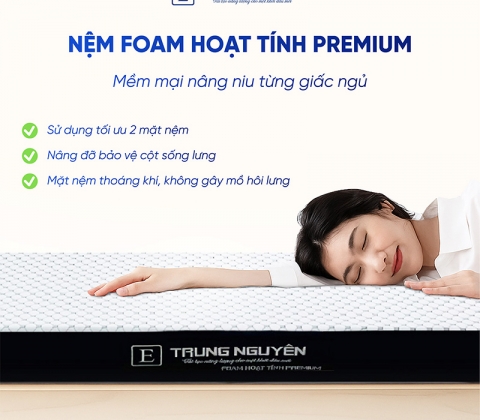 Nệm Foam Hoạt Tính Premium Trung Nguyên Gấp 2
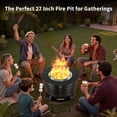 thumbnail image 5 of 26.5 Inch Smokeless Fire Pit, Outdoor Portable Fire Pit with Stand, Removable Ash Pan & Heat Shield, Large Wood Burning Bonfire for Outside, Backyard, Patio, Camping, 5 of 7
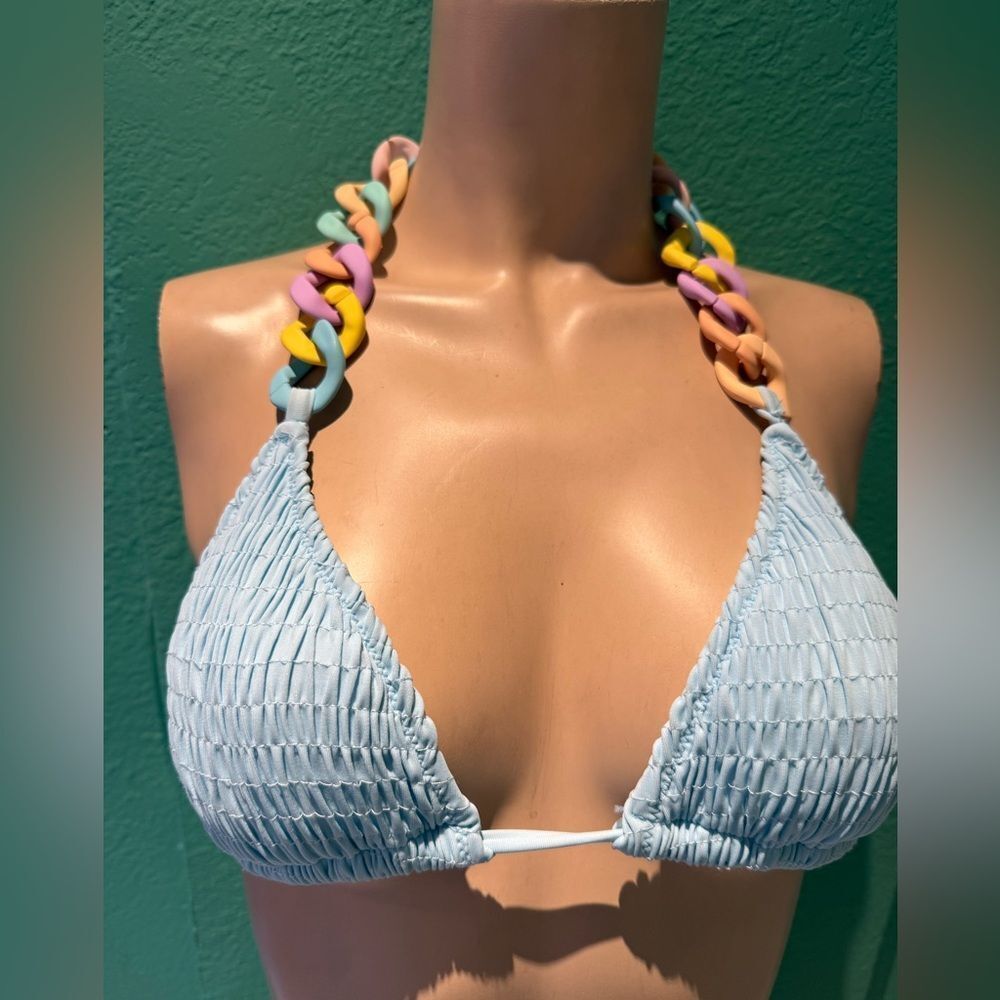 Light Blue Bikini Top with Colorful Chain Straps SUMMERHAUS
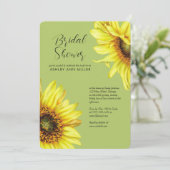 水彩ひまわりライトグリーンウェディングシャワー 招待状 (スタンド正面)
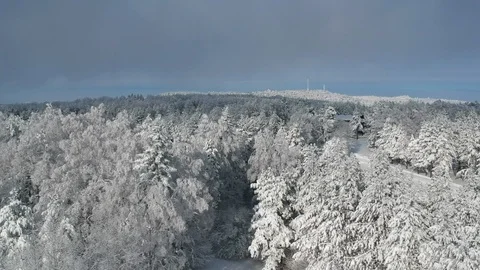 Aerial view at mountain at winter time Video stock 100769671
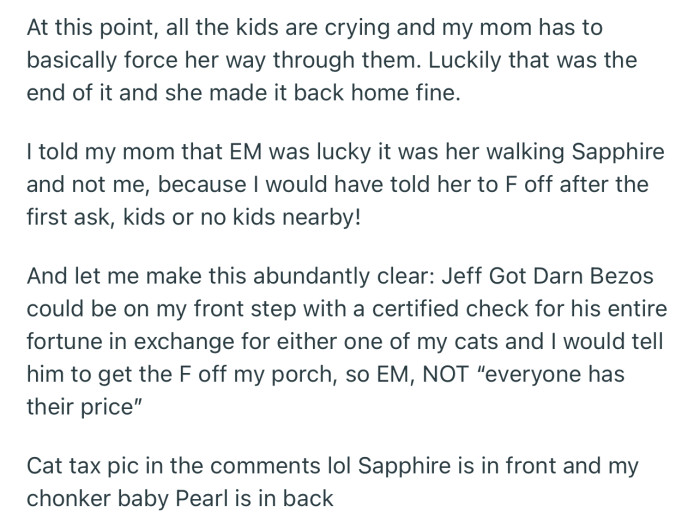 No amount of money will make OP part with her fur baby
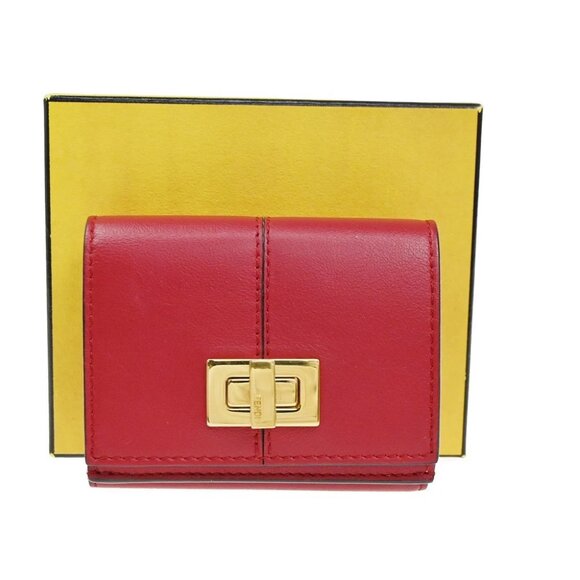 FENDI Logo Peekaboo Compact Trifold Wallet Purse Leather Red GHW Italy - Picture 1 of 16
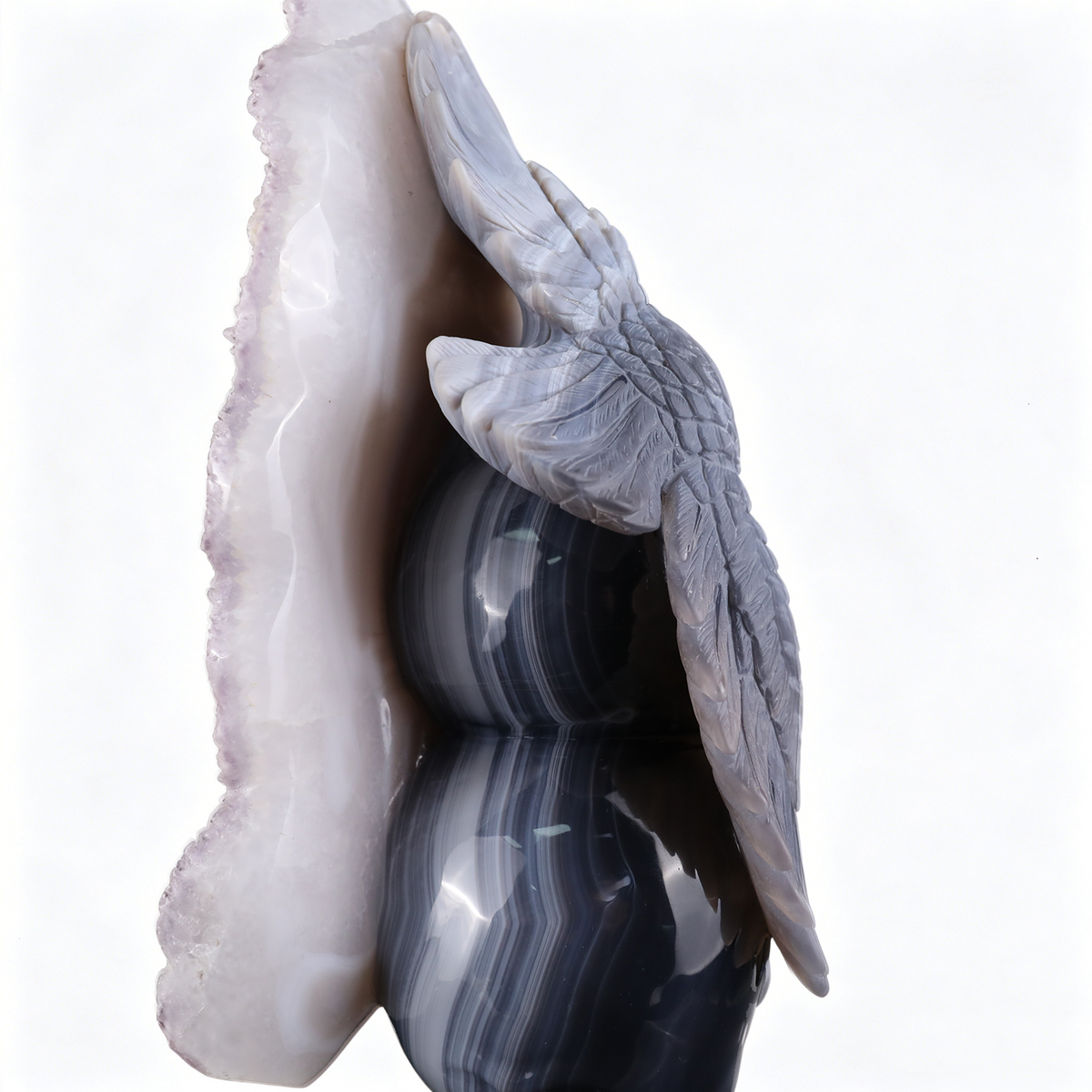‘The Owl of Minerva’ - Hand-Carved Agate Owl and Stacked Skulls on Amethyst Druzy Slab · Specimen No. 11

---

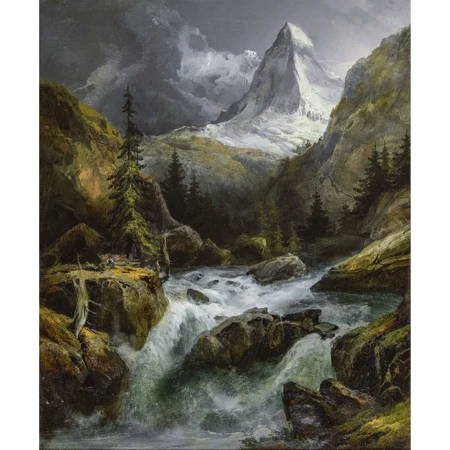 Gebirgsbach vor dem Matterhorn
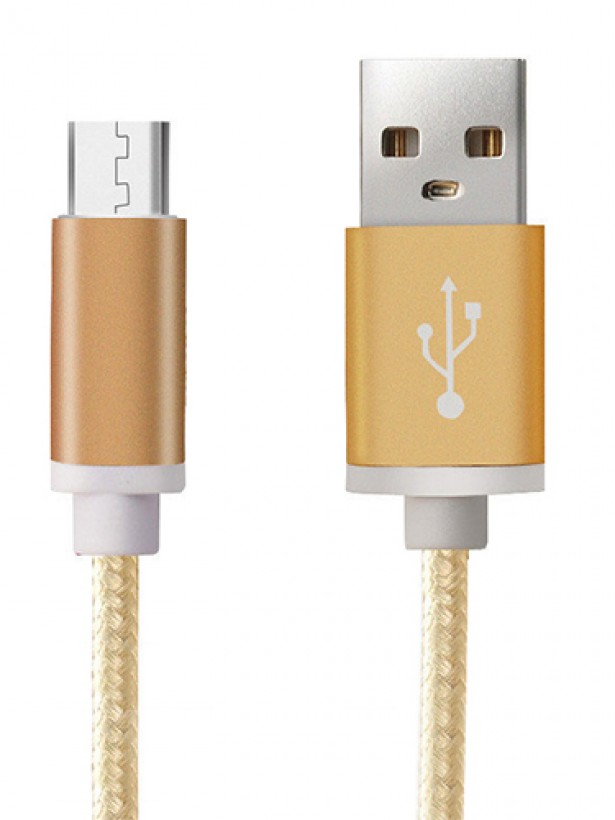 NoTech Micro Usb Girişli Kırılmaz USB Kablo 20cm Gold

---

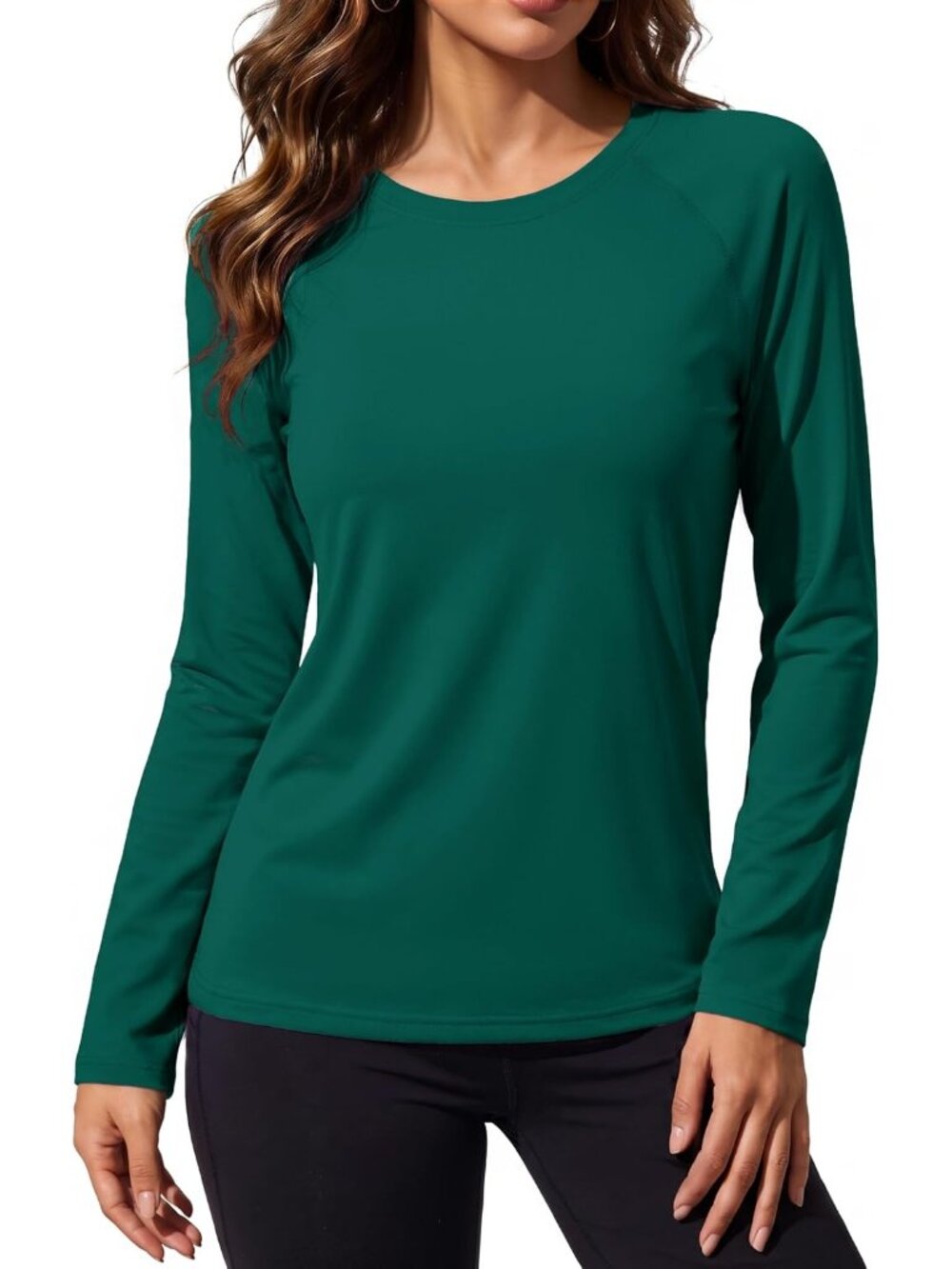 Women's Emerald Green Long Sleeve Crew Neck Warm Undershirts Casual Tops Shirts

▸ REQUIRED ACTION:
Only one part of the listing is wanted: the lines from the one containing "thumbnail image 5" through the one containing "Specimen No. 11", both included. Please transcribe it exactly, leaving out the pictures.

▸ SOLUTION FOR THIS EXERCISE:
 thumbnail image 5 of 26.5 Inch Smokeless Fire Pit, Outdoor Portable Fire Pit with Stand, Removable Ash Pan & Heat Shield, Large Wood Burning Bonfire for Outside, Backyard, Patio, Camping, 5 of 7
 Light Blue Bikini Top with Colorful Chain Straps SUMMERHAUS
 水彩ひまわりライトグリーンウェディングシャワー 招待状 (スタンド正面)
 Aerial view at mountain at winter time Video stock 100769671
 No amount of money will make OP part with her fur baby
 FENDI Logo Peekaboo Compact Trifold Wallet Purse Leather Red GHW Italy - Picture 1 of 16
‘The Owl of Minerva’ - Hand-Carved Agate Owl and Stacked Skulls on Amethyst Druzy Slab · Specimen No. 11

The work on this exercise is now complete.